** Opening Given information block **

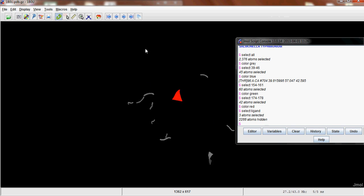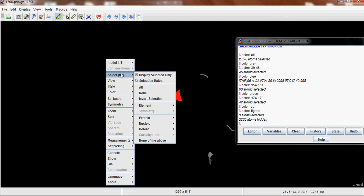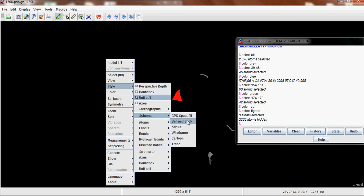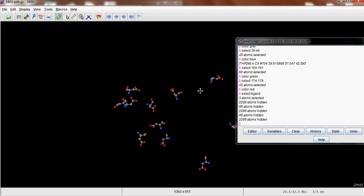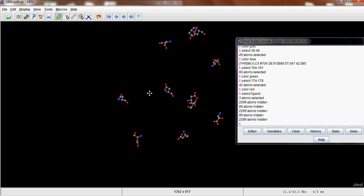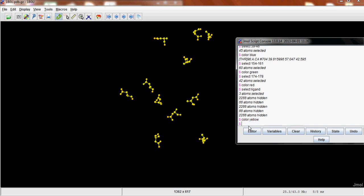So if you right click one more time, I'm sorry, this is a really buggy program, then you can go Style, Scheme, Ball and Stick. So now you'll get the atoms themselves in the amino acid. And you can give this any color you want. I'm going to give it yellow. So we can differentiate from everything else.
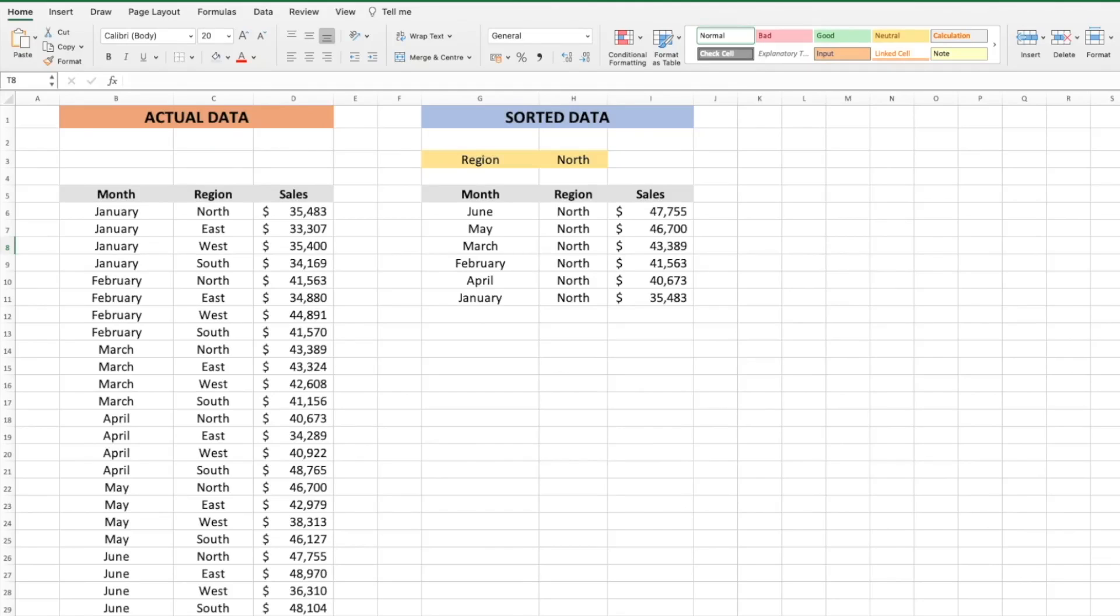Hey there everyone, welcome to Technisha. In this video I'm going to show you how to dynamically sort data using a single Excel function.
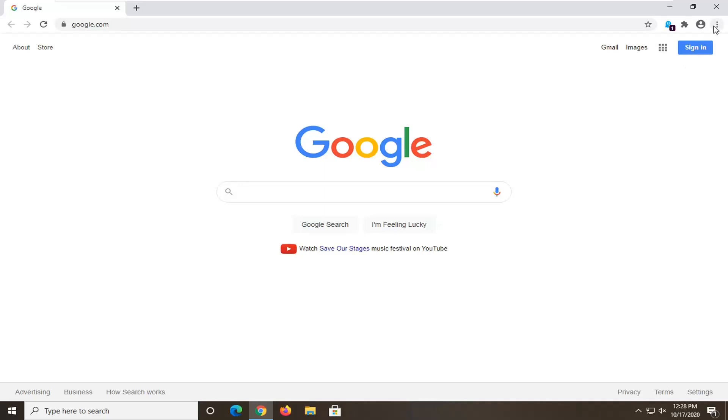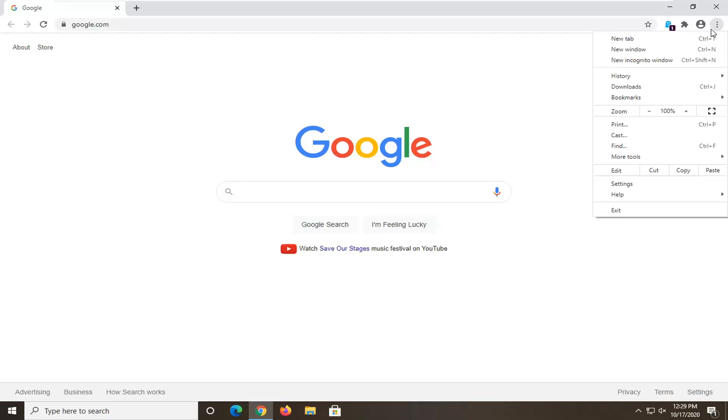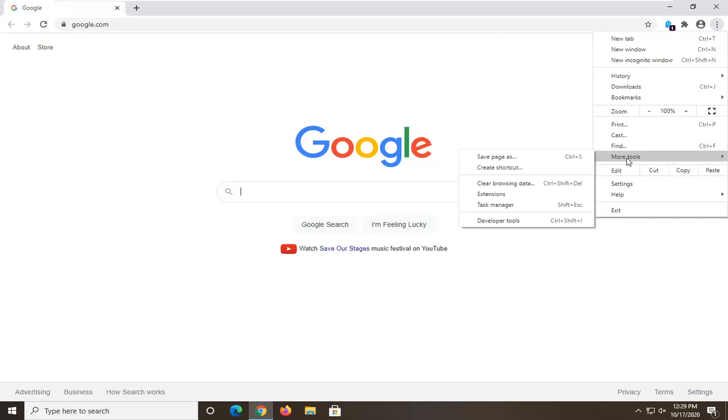We're going to select the menu icon in the top right corner of the browser screen. Left click on the three dots stacked on top of each other, then select More Tools, and then select Clear Browsing Data.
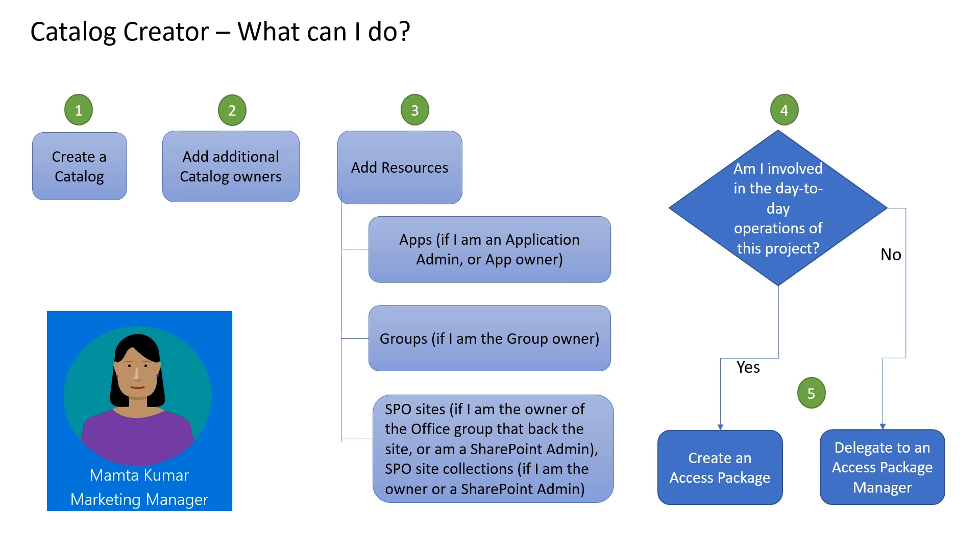If I'm involved in the day-to-day operations of the project, then I know who needs access for how long and to what resources.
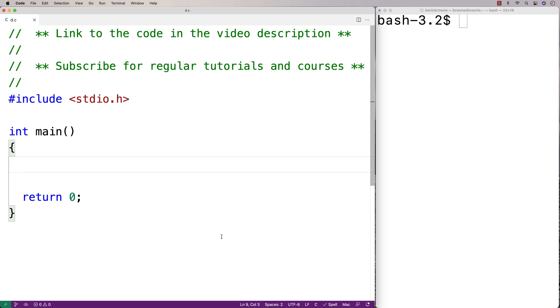In this video, I'm going to show you how to create static local variables in C, which are variables whose values persist across function calls.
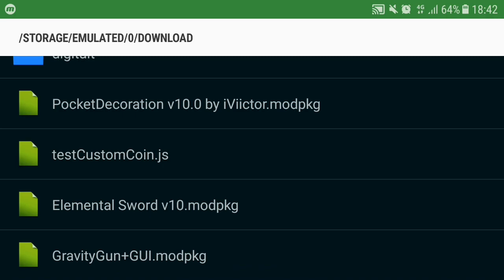Elemental Sword which is what we're installing today, and Gravity Gun has some issue with the new Android UI, so we're gonna just install Elemental Swords.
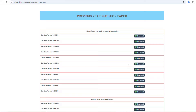We have provided the question paper, but we don't have this scholarship chance. The answer is that we have to get a new scholarship. Now we are going to discuss the problem with the previous question paper.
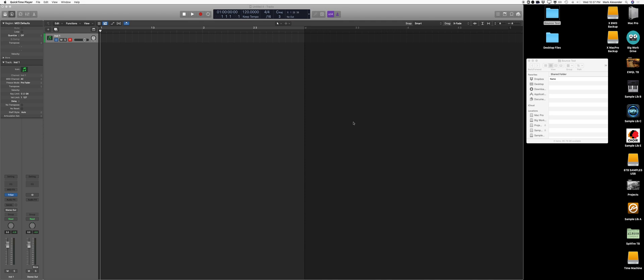I'm going to make some really quick videos showing basic things in Logic. Something people keep asking me is how do you bounce a mono track from a stereo track. So let's do it.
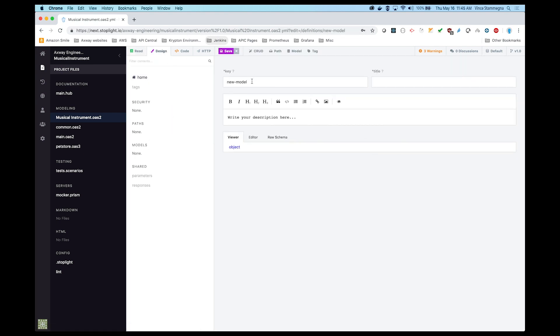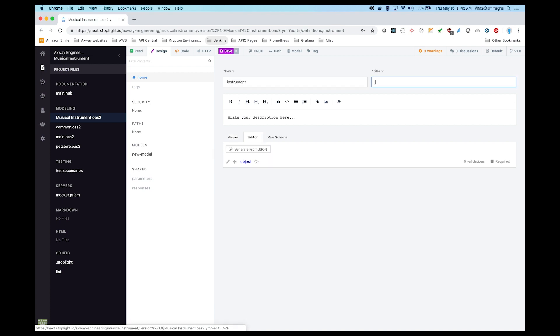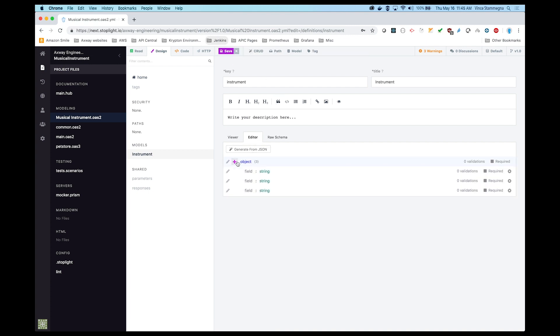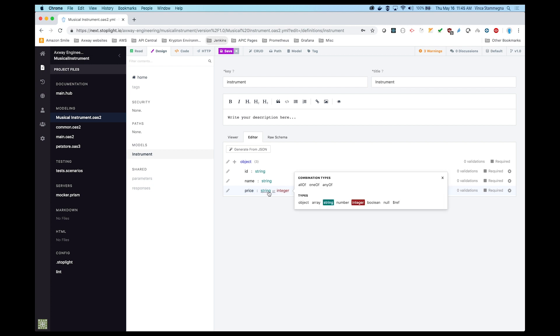Next, we'll create the model and call it Instrument. This model represents the format of the Musical Instrument object. We can use this editor to specify the attributes we'll need for the model. For this model, we'll need an ID, name, price, and currency.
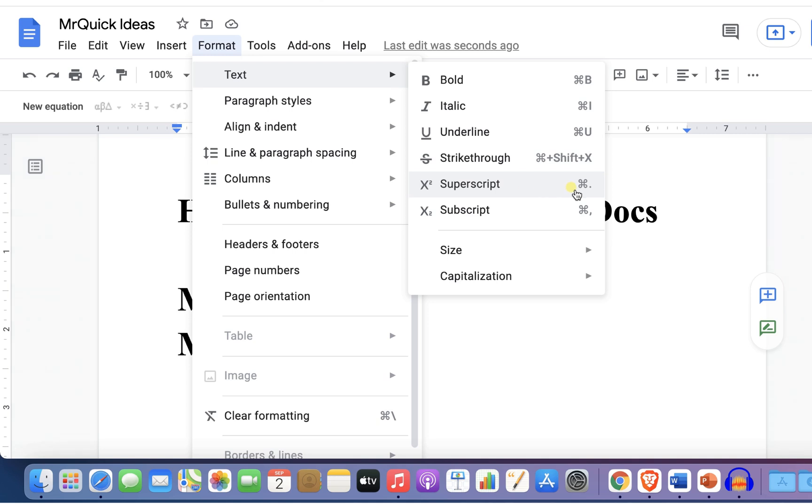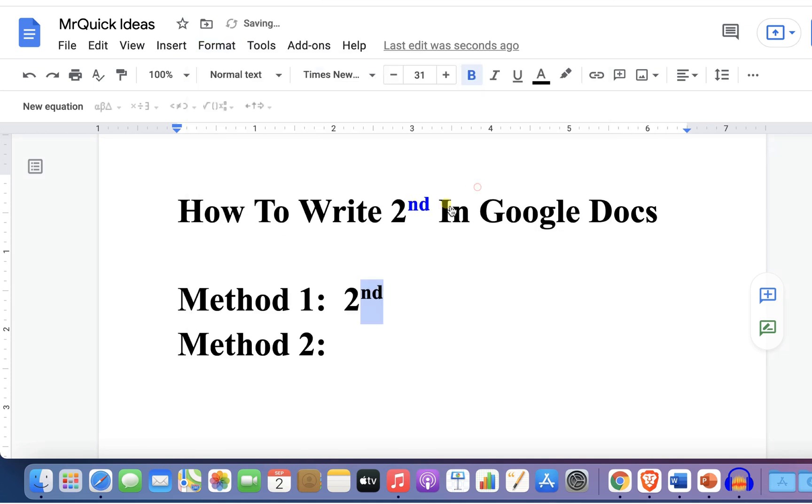You can use the keyboard shortcut Command+Period on Mac or Control+Period on Windows. If you click on this option, the 'nd' will become superscript.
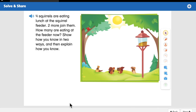Hello boys and girls. If you're here with me today, that means you need me to help you with your math lesson for Tuesday, January 12th. So let's get started. We are in your enVisions Volume One book on page 217. We are on topic six, lesson 6.5.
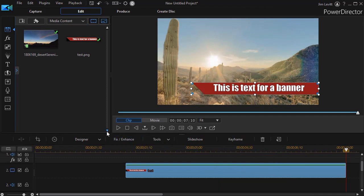So that's a simple way of taking a text banner and making it slide on the screen in CyberLink PowerDirector.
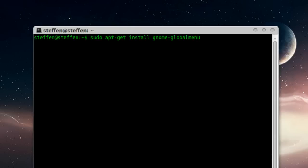Now type this in: sudo apt-get install gnome-global-menu. Of course, I'll have this in my doobly-doo as always.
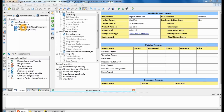Hello guys, this is tutorial number two for ISE 12.2. This will show you how to load a file — in this case, you will be loading your test bench for your schematics. Let's go ahead and get started.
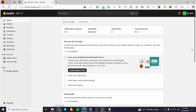Best Shopify AI marketing apps. Hello guys and welcome to this new video. In today's video I'm going to show you some of the best AI marketing apps or integrations that you can find on the Shopify app store. Follow this tutorial from the beginning to the end and you are going to be good to go.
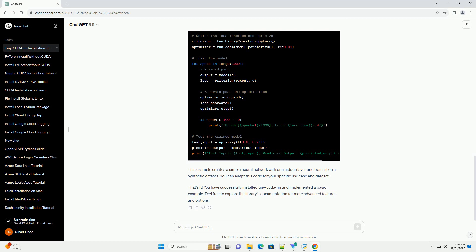Now, let's create a simple code example to demonstrate the usage of TinyCudaNN. We'll create a basic neural network and train it on a synthetic dataset. This example creates a simple neural network with one hidden layer and trains it on a synthetic dataset.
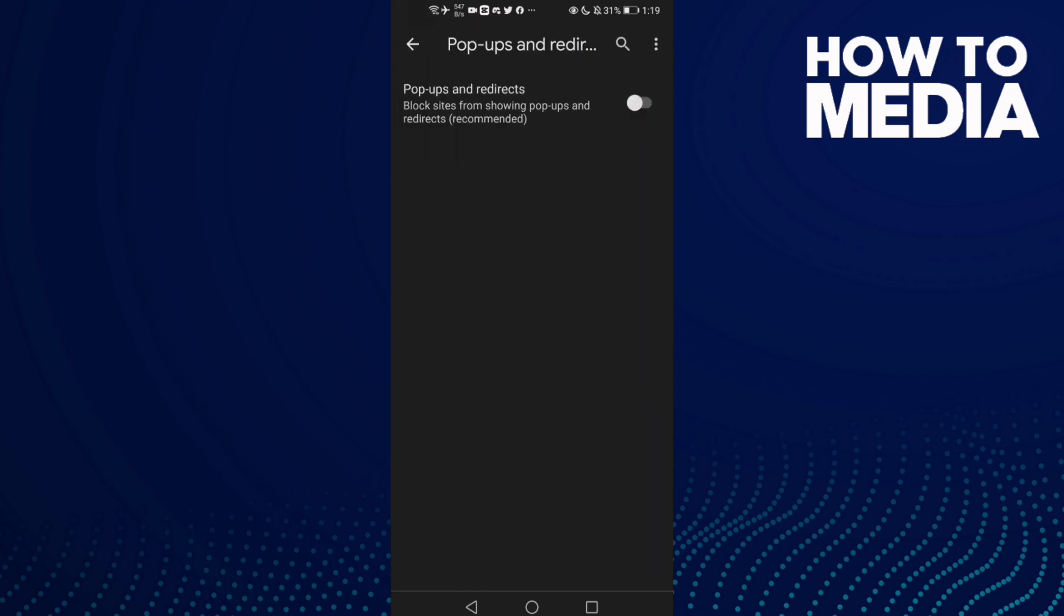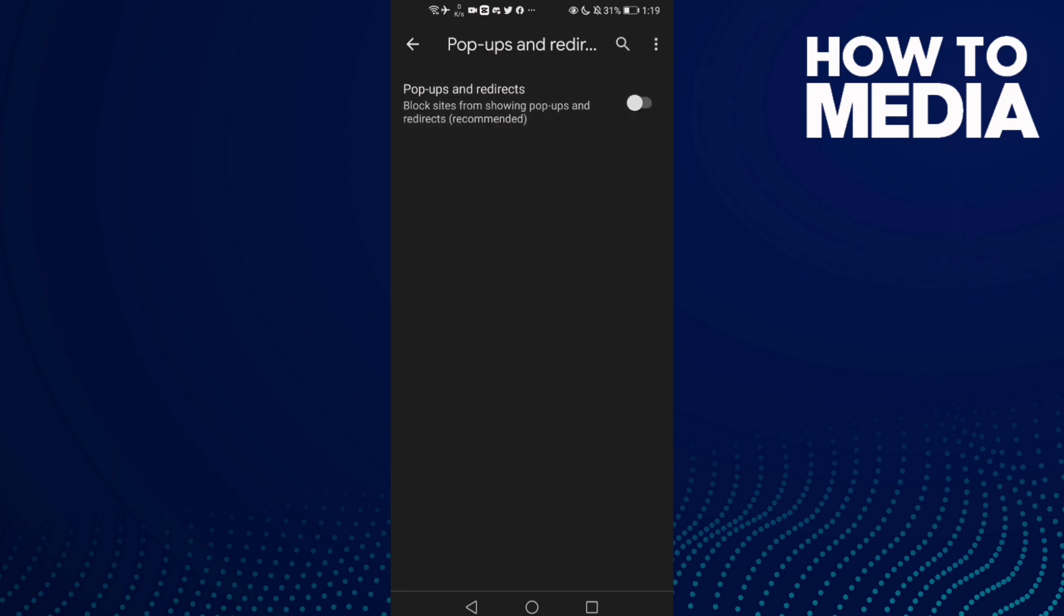And now I need to do just click here if you want to turn it on, and if you want to turn it off just click on it. And as you see, that's how to manage pop-ups and redirects access on Google Chrome mobile.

** Closing Given information block **

_About this task_: What you set down should be exactly the lines from the line containing "Hello guys, this" to the last line of the entries above, both included, with no pictures.

_Answer to the problem_:
Hello guys, this is tutorial number two for ISE 12.2. This will show you how to load a file — in this case, you will be loading your test bench for your schematics. Let's go ahead and get started.
Best Shopify AI marketing apps. Hello guys and welcome to this new video. In today's video I'm going to show you some of the best AI marketing apps or integrations that you can find on the Shopify app store. Follow this tutorial from the beginning to the end and you are going to be good to go.
Now, let's create a simple code example to demonstrate the usage of TinyCudaNN. We'll create a basic neural network and train it on a synthetic dataset. This example creates a simple neural network with one hidden layer and trains it on a synthetic dataset.
And now I need to do just click here if you want to turn it on, and if you want to turn it off just click on it. And as you see, that's how to manage pop-ups and redirects access on Google Chrome mobile.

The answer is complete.